Don’t you hate waiting for your code to compile? Or, if you use a language from this century: do you remember back in the olden days when you had to wait for the compiler? Until recently, I’d actually forgotten that incremental compilers are a relatively new invention. I remember when JBuilder (my IDE of choice back in those distant times) first introduced me to incremental compilation – it was something of a revelation! You mean, I don’t have to hit compile? It just does it? In the background? Like magic?!

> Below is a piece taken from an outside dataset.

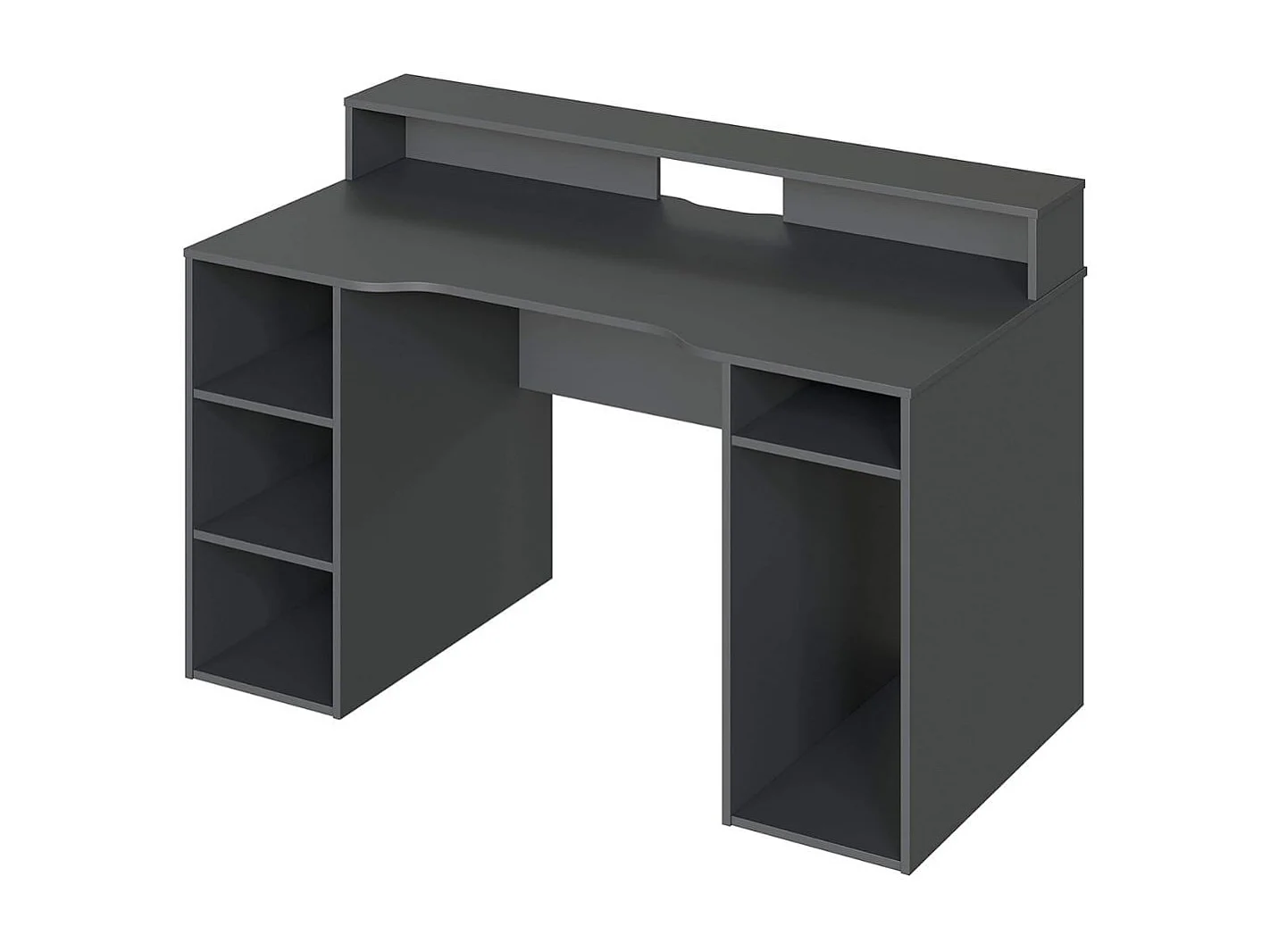 Table de bureau gamer OZONE - Noir - 136 x 67 x 88 cm - Avec étagere supérieure pour écran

A few years ago I joined a company who had something of a byzantine build process. As was the fashion at the time, they used ant for their build. Unfortunately, nobody had told them that Eclipse could also compile code. So all code was built with ant. Made a change? Run the ant build to build the relevant library (may require guesswork). Copy it (by hand) to the app server. Quickly restart WebSphere (note: not quick). Test. Lather. Rinse. Repeat. Die of boredom.

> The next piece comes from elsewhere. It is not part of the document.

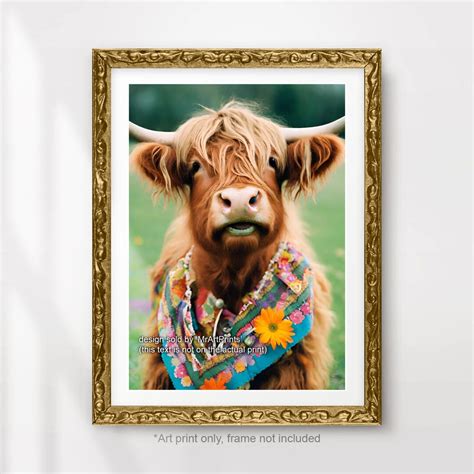 Highland Cow Hippy Hippie Sixties 1960s 1970s ART PRINT Poster Funny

Eventually, I replaced this with an Eclipse workspace that could run the application. No more build step. No more copying things by hand. No more mistakes. No more long delays in getting feedback.

Just recently I started working with C++ again after nearly a decade in byte code / interpreted languages. I’d actually forgotten what it was like to wait for code to compile. I’d got so used to working in Eclipse where you press Go and Things Happen(tm). Now instead I have to wait for a build before I can do anything. Every little change involves minutes of my life waiting for Visual Studio.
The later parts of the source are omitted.